# [TASK DESCRIPTION]
Take the material below and reproduce, word for word, only the lines from the line with "(C44) [M.C.B (Various)]" through the line with "کتاب نیوتن فیلسوف – آندرو جانیاک".

### GIVEN RECORDS ###

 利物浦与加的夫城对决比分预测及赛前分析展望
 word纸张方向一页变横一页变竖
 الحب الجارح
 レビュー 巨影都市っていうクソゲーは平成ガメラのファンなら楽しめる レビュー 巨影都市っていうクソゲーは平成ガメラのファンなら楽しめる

###
### GIVEN RECORDS ###

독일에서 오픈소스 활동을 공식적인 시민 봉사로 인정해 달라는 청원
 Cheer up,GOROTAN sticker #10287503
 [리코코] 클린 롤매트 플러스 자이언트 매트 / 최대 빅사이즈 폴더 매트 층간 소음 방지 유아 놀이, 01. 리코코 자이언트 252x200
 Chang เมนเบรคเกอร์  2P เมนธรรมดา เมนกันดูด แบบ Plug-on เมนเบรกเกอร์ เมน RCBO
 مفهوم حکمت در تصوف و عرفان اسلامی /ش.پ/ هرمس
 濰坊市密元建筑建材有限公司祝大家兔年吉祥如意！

###
### GIVEN RECORDS ###

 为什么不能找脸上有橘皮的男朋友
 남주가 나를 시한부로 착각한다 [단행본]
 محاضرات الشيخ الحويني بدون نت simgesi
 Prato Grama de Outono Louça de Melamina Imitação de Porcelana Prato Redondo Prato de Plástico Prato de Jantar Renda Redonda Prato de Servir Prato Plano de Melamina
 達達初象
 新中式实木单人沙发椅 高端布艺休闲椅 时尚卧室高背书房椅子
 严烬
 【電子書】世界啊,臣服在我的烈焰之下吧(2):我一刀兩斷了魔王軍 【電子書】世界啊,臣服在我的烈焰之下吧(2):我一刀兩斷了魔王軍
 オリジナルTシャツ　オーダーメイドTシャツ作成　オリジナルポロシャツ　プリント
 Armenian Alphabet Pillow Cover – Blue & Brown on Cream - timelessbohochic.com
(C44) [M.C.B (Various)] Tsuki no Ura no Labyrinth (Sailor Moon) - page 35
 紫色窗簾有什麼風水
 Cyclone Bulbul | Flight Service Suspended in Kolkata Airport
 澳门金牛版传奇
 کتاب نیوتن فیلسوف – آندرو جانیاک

###

# [RESPONSE BELOW]
(C44) [M.C.B (Various)] Tsuki no Ura no Labyrinth (Sailor Moon) - page 35
 紫色窗簾有什麼風水
 Cyclone Bulbul | Flight Service Suspended in Kolkata Airport
 澳门金牛版传奇
 کتاب نیوتن فیلسوف – آندرو جانیاک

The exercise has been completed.